2. Making special trips and walking miles of aisles can be a hassle. Driving to a big box, parking, and walking football fields just to get toggle bolts is a pain. So Jim and Matt put their store in a "destination" plaza, adjacent to the area's biggest supermarket and other must-stops. Drive once, park once, get what you need easily.
3. Women are doing more projects, and they shop differently. Walk in a Home Depot or Lowes and odds are that the vast majority of aisle-walkers are men (grunt, grunt). But when I toured Jim and Matt's store, at least half the people shopping were women.

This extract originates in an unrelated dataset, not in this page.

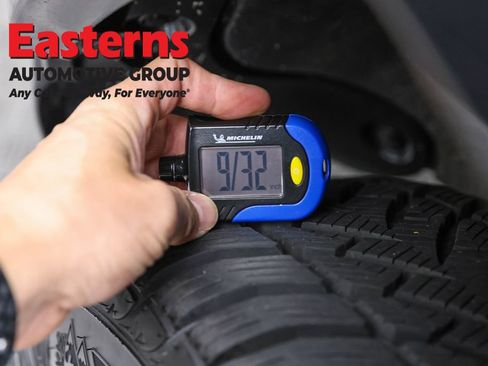 Used 2022 Toyota RAV4 SE AWD/4WD image 30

Matt tells me they appreciate the smaller, brighter, quieter, very un-warehousy, user-friendly nature and organization of the store. That, along with its convenient location, makes it a much more appealing experience for anyone who doesn't want or need to wander through three-story racks of roof sheathing.
4. As big as they are, the big guys don't do everything. Beyond Hardware doesn't sell tractors, but it does have things that Big Orange and Big Blue don't, like comprehensive departments of top-of-the-line work clothing and pet supplies. Jim and Matt keep a keen eye on what really sells and turns. They know the local market, they can react instantly, and they zig when the big stores zag.
5. Convenience is worth something. Jim and Matt knew they still had to be competitive, so they joined the True Value co-op to take advantage of that organization's massive buying power (that's the only place "massive" enters their vocabulary). But they don't focus on price competition -- they know that customers will allow them to make a fair profit in exchange for convenience and personal service.
Despite the way it reads, this is not an ad for Beyond Hardware*. Again, much of the general thinking and strategizing that Jim and Matt used to successfully take on the giants translates to other David/Goliath industries. I know people who are succeeding with independent photo stores, computer shops, and sporting goods stores. It's a matter of understanding the market, exploiting the giants' weaknesses, finding unique angles and opportunities, and of course, building loyalty by taking extraordinary care of everyone involved, inside and outside the company.
Do you know other against-all-odds businesses, or have one of your own? Do you think anyone who takes on a megabiz is mega-nuts no matter what good ideas they may have? Please share.
*I have no financial or other business interest in Beyond Hardware, I just love small business success stories. And tools.